In the United States and Canada, the rank classification scheme defined by the American Society of
Testing and Materials (ASTM) has become the standard. In this scheme, the properties of gross calorific
value and fixed carbon or volatile matter content are used to classify a coal by rank. Gross calorific value
is a measure of the energy content of the coal and is usually expressed in units of energy per unit mass.
Calorific value increases as the coal proceeds through coalification. Fixed carbon content is a measure of
the mass remaining after heating a dry coal sample under conditions specified by the ASTM.

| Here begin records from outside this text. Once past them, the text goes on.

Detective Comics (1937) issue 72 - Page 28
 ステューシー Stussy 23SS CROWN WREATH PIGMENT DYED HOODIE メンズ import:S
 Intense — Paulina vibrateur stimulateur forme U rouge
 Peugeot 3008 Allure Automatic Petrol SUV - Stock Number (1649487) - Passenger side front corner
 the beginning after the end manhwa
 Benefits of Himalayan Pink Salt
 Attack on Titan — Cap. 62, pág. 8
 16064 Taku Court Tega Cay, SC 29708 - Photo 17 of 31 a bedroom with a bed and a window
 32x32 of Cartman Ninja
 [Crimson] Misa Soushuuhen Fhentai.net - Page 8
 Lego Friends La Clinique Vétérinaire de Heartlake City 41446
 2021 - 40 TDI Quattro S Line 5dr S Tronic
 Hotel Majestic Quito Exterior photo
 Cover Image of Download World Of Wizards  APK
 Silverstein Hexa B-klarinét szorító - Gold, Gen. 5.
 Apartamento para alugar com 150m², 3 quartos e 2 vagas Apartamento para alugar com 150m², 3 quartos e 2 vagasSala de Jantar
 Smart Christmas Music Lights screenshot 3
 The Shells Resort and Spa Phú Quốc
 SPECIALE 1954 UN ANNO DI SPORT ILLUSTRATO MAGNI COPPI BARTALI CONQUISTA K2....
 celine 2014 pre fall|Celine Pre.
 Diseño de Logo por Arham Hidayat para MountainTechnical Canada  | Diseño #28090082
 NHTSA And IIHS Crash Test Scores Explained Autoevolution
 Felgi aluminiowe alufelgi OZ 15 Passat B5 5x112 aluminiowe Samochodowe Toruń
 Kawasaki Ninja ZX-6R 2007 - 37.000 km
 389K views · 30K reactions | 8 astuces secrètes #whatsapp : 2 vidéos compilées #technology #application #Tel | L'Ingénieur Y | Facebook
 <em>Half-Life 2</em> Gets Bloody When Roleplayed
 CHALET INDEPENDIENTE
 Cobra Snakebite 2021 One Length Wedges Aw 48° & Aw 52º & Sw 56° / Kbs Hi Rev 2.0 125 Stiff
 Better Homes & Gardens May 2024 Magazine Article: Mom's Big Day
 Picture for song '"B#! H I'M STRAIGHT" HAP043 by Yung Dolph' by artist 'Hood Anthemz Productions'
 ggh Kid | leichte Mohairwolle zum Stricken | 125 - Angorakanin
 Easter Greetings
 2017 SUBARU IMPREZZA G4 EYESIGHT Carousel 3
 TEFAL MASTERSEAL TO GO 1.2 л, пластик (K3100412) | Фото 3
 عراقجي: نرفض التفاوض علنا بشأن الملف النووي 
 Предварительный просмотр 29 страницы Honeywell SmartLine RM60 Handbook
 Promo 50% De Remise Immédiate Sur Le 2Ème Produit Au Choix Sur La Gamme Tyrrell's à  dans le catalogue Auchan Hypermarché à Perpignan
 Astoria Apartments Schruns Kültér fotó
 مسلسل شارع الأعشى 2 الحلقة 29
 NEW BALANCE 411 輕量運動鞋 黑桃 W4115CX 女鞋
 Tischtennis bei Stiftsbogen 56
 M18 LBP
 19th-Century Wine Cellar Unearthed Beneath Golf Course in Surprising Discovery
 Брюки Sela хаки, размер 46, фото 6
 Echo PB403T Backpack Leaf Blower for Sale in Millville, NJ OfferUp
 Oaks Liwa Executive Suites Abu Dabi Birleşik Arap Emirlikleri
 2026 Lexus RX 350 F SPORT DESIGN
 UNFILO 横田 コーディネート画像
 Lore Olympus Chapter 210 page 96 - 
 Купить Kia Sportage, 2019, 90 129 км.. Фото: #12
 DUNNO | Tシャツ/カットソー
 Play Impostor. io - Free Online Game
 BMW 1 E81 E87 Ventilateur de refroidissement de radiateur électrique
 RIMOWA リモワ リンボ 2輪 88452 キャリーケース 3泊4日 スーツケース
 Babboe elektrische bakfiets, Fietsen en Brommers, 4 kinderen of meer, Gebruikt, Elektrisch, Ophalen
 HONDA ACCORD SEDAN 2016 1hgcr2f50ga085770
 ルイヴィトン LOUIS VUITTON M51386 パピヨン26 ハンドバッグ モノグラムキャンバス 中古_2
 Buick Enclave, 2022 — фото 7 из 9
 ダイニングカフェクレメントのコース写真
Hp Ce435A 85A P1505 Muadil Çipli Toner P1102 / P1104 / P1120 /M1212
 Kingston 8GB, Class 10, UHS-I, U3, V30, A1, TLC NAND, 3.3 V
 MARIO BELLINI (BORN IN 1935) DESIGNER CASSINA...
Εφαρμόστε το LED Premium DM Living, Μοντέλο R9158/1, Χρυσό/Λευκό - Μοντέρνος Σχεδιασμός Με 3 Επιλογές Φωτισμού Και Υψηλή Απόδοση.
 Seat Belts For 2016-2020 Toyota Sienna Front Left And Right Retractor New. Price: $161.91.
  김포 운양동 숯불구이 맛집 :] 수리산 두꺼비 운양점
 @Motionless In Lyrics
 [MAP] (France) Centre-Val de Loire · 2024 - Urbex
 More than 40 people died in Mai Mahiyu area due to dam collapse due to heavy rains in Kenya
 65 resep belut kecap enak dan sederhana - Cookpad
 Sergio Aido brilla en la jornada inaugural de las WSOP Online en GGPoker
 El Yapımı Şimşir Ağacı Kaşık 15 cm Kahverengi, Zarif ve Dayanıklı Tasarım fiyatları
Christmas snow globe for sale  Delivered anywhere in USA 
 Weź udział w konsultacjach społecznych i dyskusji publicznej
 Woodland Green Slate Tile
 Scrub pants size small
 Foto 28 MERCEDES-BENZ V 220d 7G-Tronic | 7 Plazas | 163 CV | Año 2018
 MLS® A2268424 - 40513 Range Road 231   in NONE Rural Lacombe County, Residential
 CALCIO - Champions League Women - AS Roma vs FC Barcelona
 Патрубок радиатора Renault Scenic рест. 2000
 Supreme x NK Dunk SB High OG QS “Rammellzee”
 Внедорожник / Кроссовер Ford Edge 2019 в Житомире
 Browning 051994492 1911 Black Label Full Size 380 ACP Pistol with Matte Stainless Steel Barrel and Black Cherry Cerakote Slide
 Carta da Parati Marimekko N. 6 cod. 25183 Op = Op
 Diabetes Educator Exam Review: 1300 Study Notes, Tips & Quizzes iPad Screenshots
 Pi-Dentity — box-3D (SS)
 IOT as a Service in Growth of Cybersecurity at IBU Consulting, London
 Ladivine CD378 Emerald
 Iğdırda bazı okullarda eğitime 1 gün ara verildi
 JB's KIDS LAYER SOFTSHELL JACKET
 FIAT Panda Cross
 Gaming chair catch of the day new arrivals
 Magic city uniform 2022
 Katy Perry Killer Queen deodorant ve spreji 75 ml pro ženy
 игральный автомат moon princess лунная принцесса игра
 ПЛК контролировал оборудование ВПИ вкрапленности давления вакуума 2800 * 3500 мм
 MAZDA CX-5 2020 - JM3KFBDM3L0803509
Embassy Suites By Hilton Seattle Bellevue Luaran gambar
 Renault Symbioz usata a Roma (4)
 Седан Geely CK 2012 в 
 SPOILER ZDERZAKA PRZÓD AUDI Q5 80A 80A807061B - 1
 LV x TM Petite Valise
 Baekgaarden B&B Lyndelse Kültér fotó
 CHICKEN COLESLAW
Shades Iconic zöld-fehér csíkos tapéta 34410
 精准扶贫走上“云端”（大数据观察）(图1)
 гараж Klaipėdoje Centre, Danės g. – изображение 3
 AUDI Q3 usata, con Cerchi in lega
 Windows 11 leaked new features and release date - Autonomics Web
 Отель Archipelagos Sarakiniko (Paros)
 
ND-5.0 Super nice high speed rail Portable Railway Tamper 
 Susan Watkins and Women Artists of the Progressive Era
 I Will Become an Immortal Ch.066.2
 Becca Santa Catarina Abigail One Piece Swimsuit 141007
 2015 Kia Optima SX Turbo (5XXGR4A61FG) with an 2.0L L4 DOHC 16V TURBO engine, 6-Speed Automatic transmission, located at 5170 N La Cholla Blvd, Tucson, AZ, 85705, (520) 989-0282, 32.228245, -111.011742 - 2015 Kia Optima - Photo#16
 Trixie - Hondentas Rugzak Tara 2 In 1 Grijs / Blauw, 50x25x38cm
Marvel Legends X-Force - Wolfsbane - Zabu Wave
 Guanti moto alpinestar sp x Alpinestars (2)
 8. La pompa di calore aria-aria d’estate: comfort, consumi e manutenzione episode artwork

Fixed carbon content also increases with coalification. The conditions specified for the measurement
of fixed carbon content result in being able, alternatively, to use the volatile matter content of the coal,
measured under dry, ash-free conditions, as a rank parameter. The rank of a coal proceeds from lignite,
the “youngest” coal, through sub-bituminous, bituminous, and semibituminous, to anthracite, the
“oldest” coal. The subdivisions within these rank categories are defined in Table 2.2. (Some rank schemes
include meta-anthracite as a rank above, or “older” than, anthracite. Others prefer to classify such
deposits as graphite—a minimal resource valuable primarily for uses other than as a fuel.)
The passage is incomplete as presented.